Editor's Blog

Sovereign wealth funds – beyond the hype

In the early years of the 21st Century, the rise of hedge funds and private equity has been nothing short of spectacular.

And in the decade to come, a new class of hyper-rich investor - Sovereign Wealth Funds - will easily surpass them. With assets already estimated at $2.5trn, these state-owned investment funds are emerging as the new and potentially much greater force in global capitalism. Fuelled by record petrodollars and other export receipts, a forecast earlier this year by Morgan Stanley estimated that they would reach a staggering $12trn by 2015 – almost the same size as the US Economy today. So what kind of world can financiers look forward to?

Actually it won’t be that different. Unlike Hedge Funds or Private Equity, SWFs are risk-averse and above all, discreet. They have no yen to be drivers of volatility or being blames as the guilty party in any industrial dispute. And not everyone believes they will continue to grow at their current rate. A recent report by London-based Lombard Street Research claimed that for China, the massive current account surpluses could not last because the Renminbi was bound to rise in value against the dollar, raising manufacturing goods prices or failing that, there would be a protectionist backlash by the West.

The critical change though will be the way in which nations and their regulators start to look at this emerging breed of foreign investor. Hard questions will increasingly be asked about whether SWFs make investments purely to make a return, or whether they are making national strategic investment decisions to further their geopolitical interests?

Nowhere will this be more sensitive than in the fields of dwindling energy resources and its related infrastructure, sensitive defence technology and US government securities.

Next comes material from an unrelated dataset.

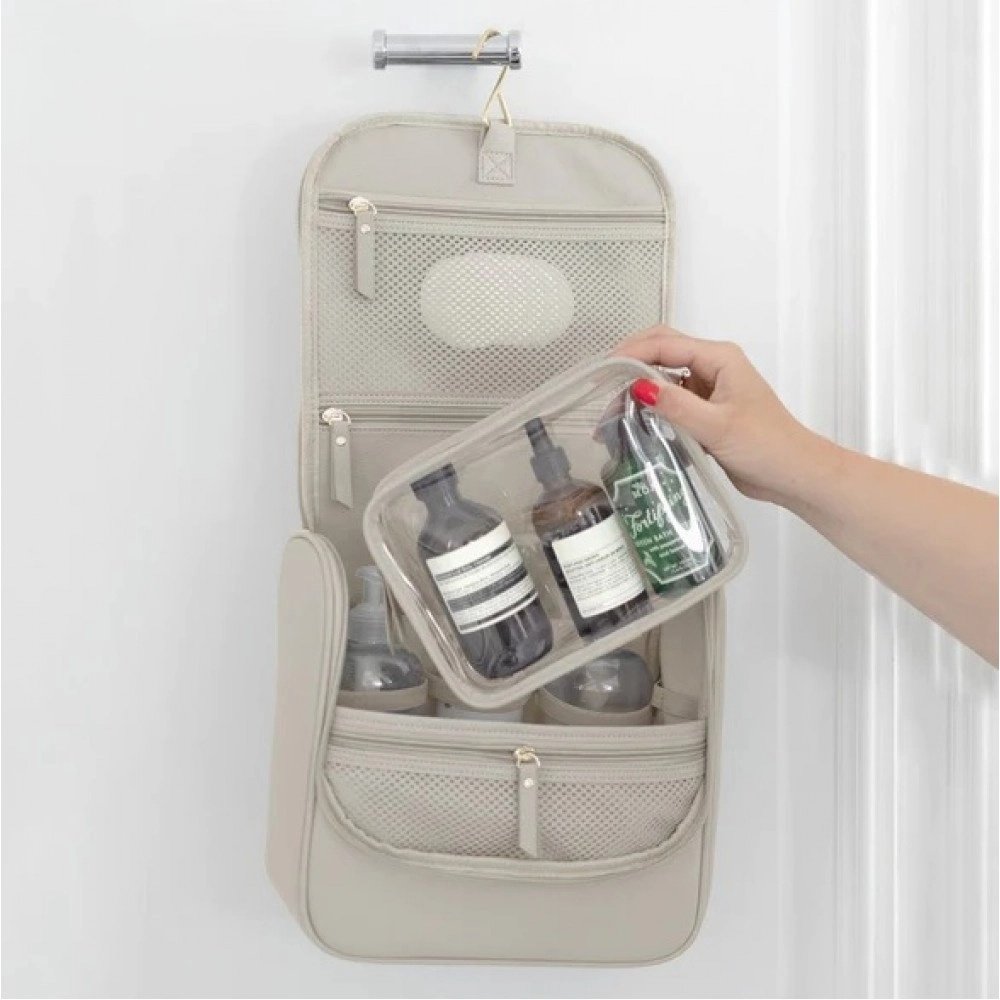 Hanging Travel Washbag Large - Oatmeal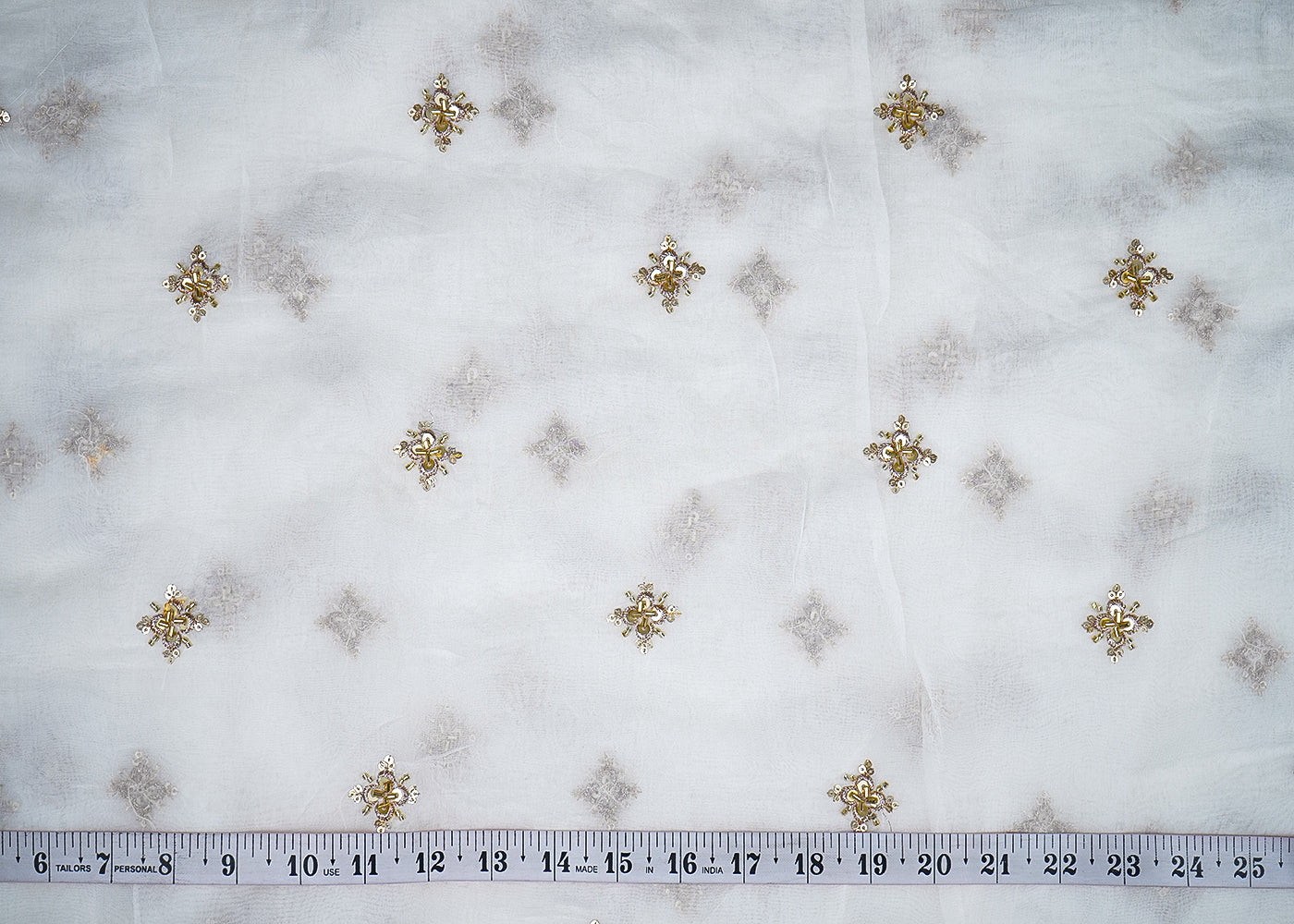 White Organza Fabric with Allover Buti of Sequins, Katdana and Thread Work 19659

The last point is perhaps the most worrying. The world is going through a seismic financial rebalancing (or so Dan Lewis thinks, see the Final Bell on page 208). As the developing world continues to catch up, they are desperately trying to diversify out of their devaluing US Dollar holdings. Arguably, OPEC and Asia have funded the US current account deficit and kept the debt-ridden American economy afloat. Provided these greenbacks are unwound slowly, the world economy will still prosper.

The nightmare is that quitting the dollar becomes a stampede.